Sin embargo, al cinematógrafo, que tiene tanto de arte bello como la escritura, o la imprenta, o el telégrafo, es decir, no mucho, y muchísimo, en cambio, de vehículo de cultura y de medio para su difusión, hay que exigirle, como a la fotografía, que nos deje enfrente de los objetos reales, sin añadirles más que el movimiento, cuando lo tienen, reproducido con la mayor exactitud posible. Porque sólo el objeto real, inagotable para quien sepa mirarlo, puede interesarnos en fotografía. Y ya es bastante que podamos ver en Chipiona las cataratas del Niágara, los barcos del canal de Suez, la pesca del atún en las almadrabas de Huelva. Fotografiar fantasmas compuestos en un taller de cineastas es algo perfectamente estúpido. El único modo de que no podamos imaginar lo imaginario es que nos lo den en fotografía, a la par de los objetos reales que percibimos. El niño sueña con las figuras de un cuento de hadas, a condición de que sea él quien las imagine, que tenga, al menos, algo que imaginar en ellas. Y el hombre, también. Un fantasma fotografiado no es más interesante que una cafetera. En general, la cinematografía orientada hacia la novela, el cuento o el teatro es profundamente antipedagógica. Ella contribuirá a entontecer el mundo, preparando nuevas generaciones que no sepan ver ni soñar. Cuando haya en Europa dictadores con sentido común, se llenarán los presidios de cineastas. (Esto era un decir, claro está, de Juan de Mairena para impresionar a sus alumnos.)

(De política.)

Recordemos otra vez el consejo maquiavélico, que olvidó Maquiavelo: «Procura que tu enemigo no tenga nunca razón. Que no la tenga contra ti. Porque el hombre es el animal que pelea con la razón; quiero decir que embiste con ella. Te libre Dios de tarascada de bruto cargado de razón».

¿Qué hubiera pensado Juan de Mairena de esta segunda República -hoy agonizante-, que no aparece en ninguna de sus profecías? El hubiera dicho, cuando se inauguraba: ¡Ojo al sedicente republicanismo histórico, ese fantasma de la primera República! Porque los enemigos de esta segunda habrán de utilizarlo, como los griegos utilizaron aquel caballo de madera, en cuyo hueco vientre penetraron en Troya los que habían de abrir sus puertas y adueñarse de su ciudadela. Y perdonadme el empleo de un símil tan poco exacto, porque este caballo de nuestros días a que aludo no es tan de madera que no haya necesidad de echarle de comer antes y después de tomada la fortaleza.

(Juan de Mairena y el 98.- Valle-Inclán.)
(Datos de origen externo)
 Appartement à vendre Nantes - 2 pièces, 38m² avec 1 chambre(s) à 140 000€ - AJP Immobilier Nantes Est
Juan de Mairena conoció a Valle-Inclán hacia el año 95; escuchó de sus labios el relato de sus andanzas en Méjico, y fué uno de los tres compradores de su primer libro, Femeninas. «La verdad es -decía Mairena a sus amigos- que este hombre parece muy capaz de haber realizado todas las proezas y valentías que se atribuye. Que tiene el don de mando no puede dudarse. Si no fué nombrado -como él nos cuenta- Mayor honorario del Ejército de Tierra Caliente, culpa habrá sido de los mejicanos; porque no hubo nunca mejor madera de capitanes que la suya. Sin embargo, lo propio de este hombre, más que el heroísmo guerrero, es la santidad, el afán de ennoblecer su vida, su ardiente anhelo de salvación. El ha querido acaso salvarse por la espada; se salvará por la pluma. Valle-Inclán será el santo de nuestras letras».
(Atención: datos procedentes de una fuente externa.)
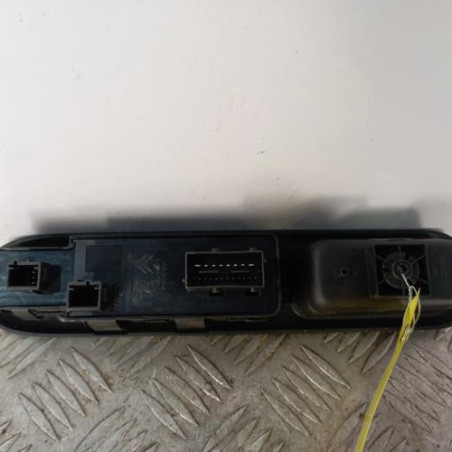 Interrupteur de leve vitre avant gauche PEUGEOT 5008 1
Un santo de las letras, en efecto, fué Valle-Inclán, el hombre que sacrifica su humanidad y la convierte en buena literatura, la más excelente que pudo imaginar. Hemos de leer y estudiar sus libros y admirar muchas de sus páginas incomparables. En cuanto al autor de estos libros, que, más que Valle-Inclán mismo, fué una invención del propio Valle-Inclán, lo encontraremos también en las páginas de estos libros. Y del buen D. Ramón del Valle, el amigo querido, siempre maestro, digamos que fué también el que quiso ser: un caballero sin mendiguez ni envidia. Olvidemos un poco la copiosa anecdótica de su vida, para anotar un rasgo muy elegante y, a mi entender, profundamente religioso de su muerte: la orden fulminante que dió a los suyos para que lo enterraran civilmente. ¡Qué pocos lo esperaban! Allá, en la admirable Compostela, con su catedral y su cabildo, y su arzobispo, y el botafumeiro... ¡Qué escenario tan magnífico para el entierro de Bradomín! Pero Valle-Inclán, el santo inventor de Bradomín, se debía a la verdad antes que a los inventos de su fantasía. Y aquellas sus últimas palabras a la muerte, con aquella impaciencia de poeta y de capitán: «¡Cuánto tarda esto!» ¡Oh, qué bien estuvo D. Ramón en el trago supremo a que aludía Manrique!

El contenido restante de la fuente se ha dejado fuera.